I have spent a life of sucking, spitting, and sweating--then came Expresso Tilt! No longer will I have to descend into the subway for that urine jolt back to consciousness. I shall be forever grateful--or at least until ovulation. I will sing the songs of dead American women with joy and reverence as I await the next issue.

Peace, M. T. Albright


About the parking lot up at the mall, to me it's a shame that grown kids have no other way to spend their time except to get together, drink beer, or shoot horse, heroine or use some other drug. Don't say it's because there's nothing else to do. When there was, they didn't take advantage of it.

The movies had to close for lack of patronage. The skating rinks are very seldom filled except by the younger kids. It's the generation itself. Good kids always find something to do. They're on football teams. Baseball--there is that also. There's the YMCA and church organizations. Seventy years ago, the movies were packed. In the Second World War years, our town had two movies, jammed every night.

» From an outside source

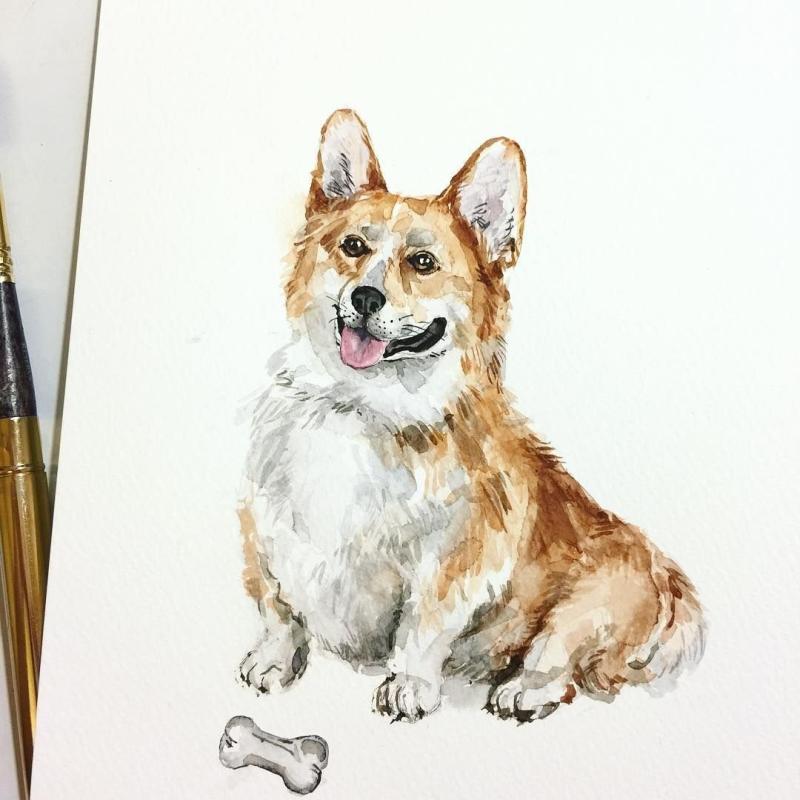 Скетчинг корги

It is the fact that at age 16 you have to have a car, no matter how you get it. And a girl with no morals because even with sex education, that has taught them nothing except the pill.

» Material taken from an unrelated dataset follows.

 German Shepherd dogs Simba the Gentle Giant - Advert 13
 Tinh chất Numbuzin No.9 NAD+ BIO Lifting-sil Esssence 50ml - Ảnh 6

Young people are never telling their parents anything because they do not converse with one another. If they did want to talk, would the parents have the time?

There are the ever-present bums who buy the kids six-packs and whatever. There are also those people who constantly complain of anything that young people do, who, they themselves never had any children of their own or somehow were lucky enough to have raised and faithfully married them off.

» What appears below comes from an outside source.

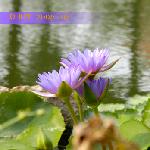 紫莲花图片 自然风光 风景图片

Maybe the fear of AIDS will help this and if not, God pity them.

Marjorie Orcutt, Oxford, Pa.


Sensitive, broad-minded "new man" wanting long-term relationship with independent professional woman who likes to stay at home. Must be interested in gourmet cooking, knitting, raising kids, ironing, and swabbing toilets. My chick must be an affectionate, sexy, nurturing little number. Please send fresh quiche sample and photo (full-length).

SWF, 35, almost attractive, financially secure professional tired of the 9 to 5 grind, seeks WM, 75 or over with net worth (liquid) of at least $1.75 mil and no close relatives or dependents. Object: matrimony. Good looks and health non-essential. If you are ambulatory and not into drugs, sex, or pre-nuptial agreements, give me a call quickly.

How are you? I am fine. I hope you don't mind this form letter. I've been so busy lately, there doesn't seem to be enough time to write individual letters to each and every one of my friends and admirers.

Things have been going pretty well recently, except for such things as have not been going well recently, if any. I still haven't kicked the food habit yet. One day after I've eaten, I'm hungry again! Oh well.

Are you still involved in that activity of yours? I've either changed my activity or decided to stay with the same sort of activity as the one in which I am presently involved.

I've been thinking about that thing we talked about, but I can't seem to remember what it was and/or why it was that we were talking about it. If you could forward a transcript of the conversation to me, I'd be grateful. I think it might have been important, interesting, or vital in some way.

Well, anyway, I seem to have found myself in a rather unusual set of circumstances. On the other hand, it could well be that the circumstances in which I've found myself are not unusual at all. I guess things sort of keep happening over time, if you know what I mean.

If you are one of the people from whom I've borrowed things, you can rest assured that they are in good hands. I haven't given any of it away to deadbeats or anything. I was very careful to make sure the people at the swap meet were upscale types before I sold them anything.

Anyway, take care, and write back soon!
Your friend, Tom James, Bizarre Press


Large-boned, gourmet-type interested in sharing gastronomic experiences with sturdy epicurean lady with a culinary flair. Must know squab from quail, a trifle from a truffle, and enjoy intimate contact atop butcher blocks after being slathered with clarified butter.